How can I get the Search Export to include collection and Family Tree attachment information?
Hello
I have been successfully exporting search results for detailed analysis in Excel, but there are two big gaps: firstly I cannot get the Collection to show on the export, and (much more frustratingly) I can't get any existing record Person attachment(s) to appear (which would allow me to filter out the people I have already investigated in depth via Family Tree).
What am I missing please?
I have investigated using the API but it appears not to support simple extraction of Search results unless one is a formal application developer (I could go down that route, but it would be nice if there was an easier way).
Thank you
Mandy Shaw
Best Answer
-
And another update - great news: the Search TSV export now includes Collection information in 4 lovely new columns at the end:
collectionId
collectionName
subcollectionId
subcollectionName
4496118
United Kingdom, Merchant Seamen Records, 1918-1941
4496118
United Kingdom, Merchant Seamen Records, 1918-1941
(I haven't seen one yet where the subcollection is different from the main collection.)
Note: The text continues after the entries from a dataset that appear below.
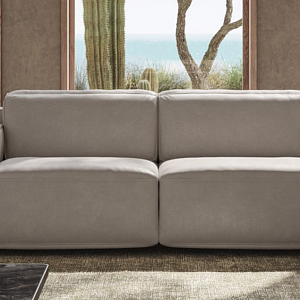 Диван угловой Iago
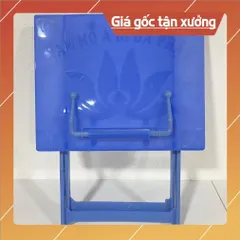 Kệ Kinh , Kệ Nhựa Xếp Rẻ Nhiều Màu HOẢ TỐC 840661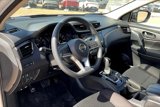 Used 2020 Nissan Rogue Sport S image 2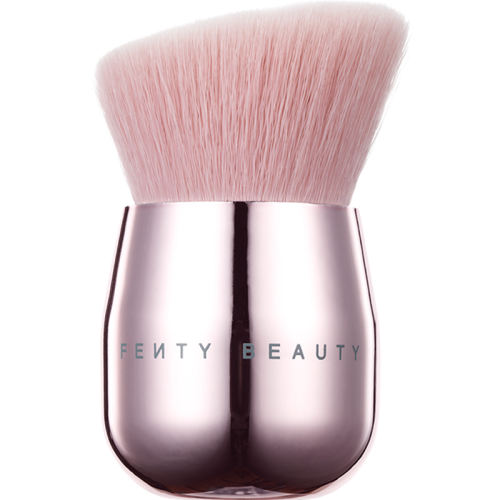 ߹ˢ165 FentyBeauty߹ˢ165ױ188Ԫ
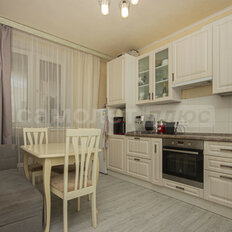 Квартира 63,4 м², 2-комнатная - изображение 1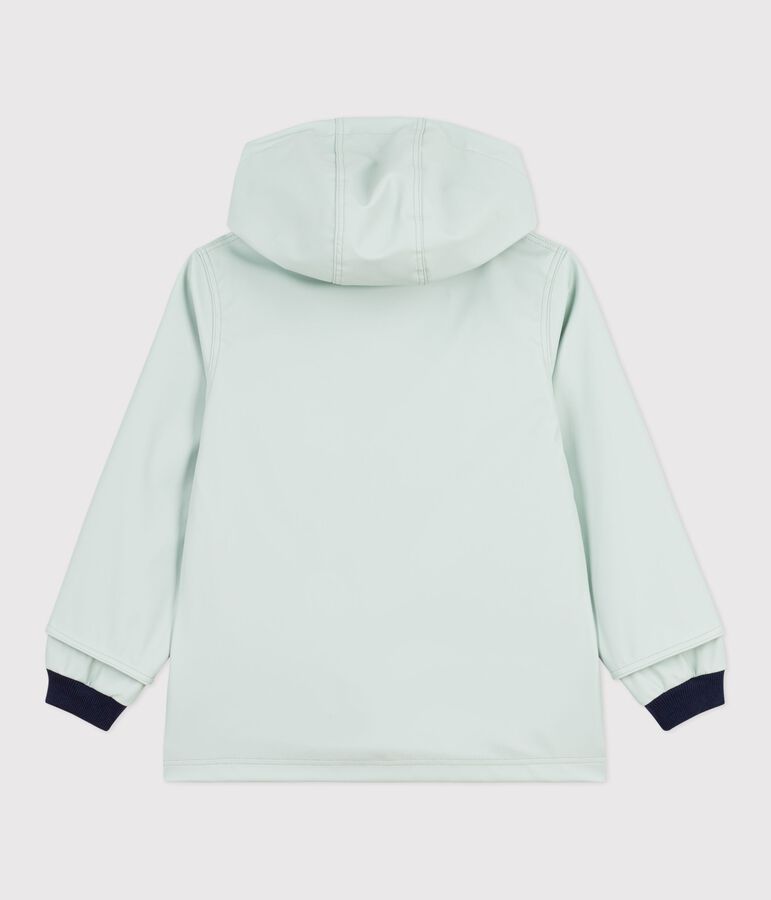 Cir&eacute; iconique enfant bleu SPRAY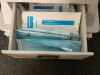 ROHRER 2022  PiXel8-RF Microneedling Laser w/ HP RTR# 4053250-01 Laser - Radio Frequency (RF)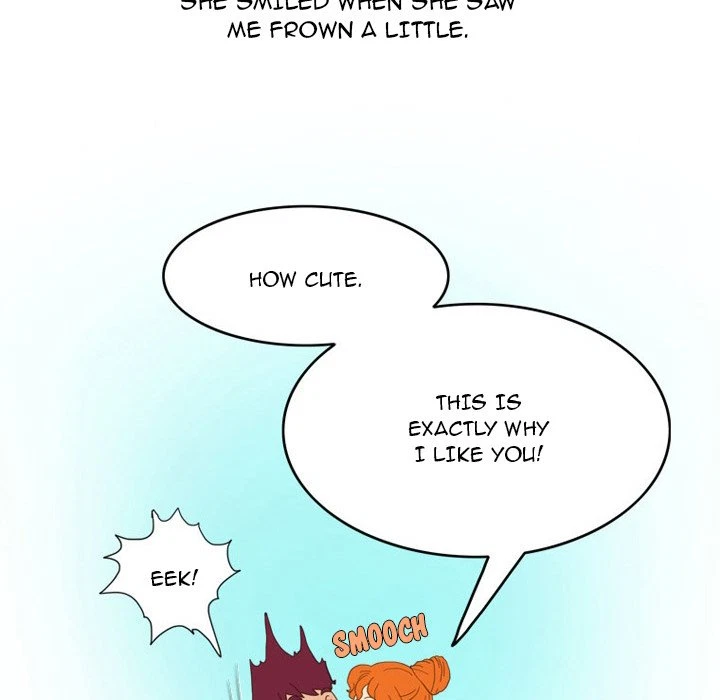 Chapter 48, page 20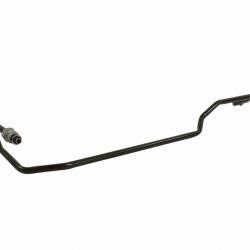 MOTORCRAFT PSH267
Thank you FS - very helpful.
0
Answers
-
Update:
I thought I had resolved this, by importing my part of the Family Tree into RootsMagic and then using the excellent SQLite RM tools to interrogate the database, but I now discover that the import ignores sources, which is unfortunate (not least because one of the other things I wanted to analyse was whether or not the Person entries had any sources! - this is clearly a key indicator re quality of the information).
So (unless I go through all the imported individuals and manually pull each source across, which I suppose is doable-ish) I remain stuck.
0 -
Further update:
Even without registering in any way as a developer I find (if signed in to FamilySearch) I can use the API:
Next task is to suss out the authentication piece so it works from PHP not just from the browser!
0 -
Cool! I believe if you are doing lots of data manipulation - you'll probably run into the data throttling issue at some point - you'll probably have to handle that somehow.
Question(s): when you say import - do you mean some script you have setup or the FamilySearch built-in spreadsheet results?
I thought the built-in spreadsheet results displayed the collection link (they did at some point unless that has changed)?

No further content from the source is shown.